**INSTRUCTIONS FOR THE TASK**
Copy out each line below containing "Екстериор".

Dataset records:

◆ ◆ ◆

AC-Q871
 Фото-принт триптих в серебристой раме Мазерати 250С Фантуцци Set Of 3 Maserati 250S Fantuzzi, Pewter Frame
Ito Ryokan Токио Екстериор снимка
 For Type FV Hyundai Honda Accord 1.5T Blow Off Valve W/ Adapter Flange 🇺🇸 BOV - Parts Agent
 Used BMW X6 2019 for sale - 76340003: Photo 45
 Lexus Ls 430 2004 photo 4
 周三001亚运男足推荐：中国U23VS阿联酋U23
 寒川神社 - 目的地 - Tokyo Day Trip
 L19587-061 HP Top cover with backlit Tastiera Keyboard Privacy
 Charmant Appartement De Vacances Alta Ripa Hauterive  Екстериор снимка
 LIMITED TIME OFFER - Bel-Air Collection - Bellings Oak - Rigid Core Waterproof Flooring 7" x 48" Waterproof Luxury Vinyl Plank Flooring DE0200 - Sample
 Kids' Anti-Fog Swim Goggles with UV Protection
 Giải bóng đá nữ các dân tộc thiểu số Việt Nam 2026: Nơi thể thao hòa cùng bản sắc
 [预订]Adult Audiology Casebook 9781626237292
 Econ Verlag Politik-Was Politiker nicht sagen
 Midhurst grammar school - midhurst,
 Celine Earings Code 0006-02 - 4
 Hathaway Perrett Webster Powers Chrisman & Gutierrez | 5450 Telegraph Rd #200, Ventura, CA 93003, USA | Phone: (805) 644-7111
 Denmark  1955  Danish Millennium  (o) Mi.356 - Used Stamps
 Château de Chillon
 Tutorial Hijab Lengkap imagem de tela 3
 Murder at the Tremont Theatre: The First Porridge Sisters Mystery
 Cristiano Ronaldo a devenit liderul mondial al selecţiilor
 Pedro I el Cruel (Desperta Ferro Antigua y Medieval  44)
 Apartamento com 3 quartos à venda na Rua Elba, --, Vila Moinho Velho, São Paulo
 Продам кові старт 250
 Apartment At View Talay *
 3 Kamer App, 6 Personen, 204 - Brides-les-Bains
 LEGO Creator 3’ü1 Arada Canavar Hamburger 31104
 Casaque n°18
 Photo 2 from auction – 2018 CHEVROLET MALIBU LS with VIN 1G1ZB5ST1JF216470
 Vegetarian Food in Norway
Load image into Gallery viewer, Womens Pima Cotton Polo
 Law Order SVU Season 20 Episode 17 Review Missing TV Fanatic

◆ ◆ ◆

**FINISHED EXERCISE**
Ito Ryokan Токио Екстериор снимка
 Charmant Appartement De Vacances Alta Ripa Hauterive  Екстериор снимка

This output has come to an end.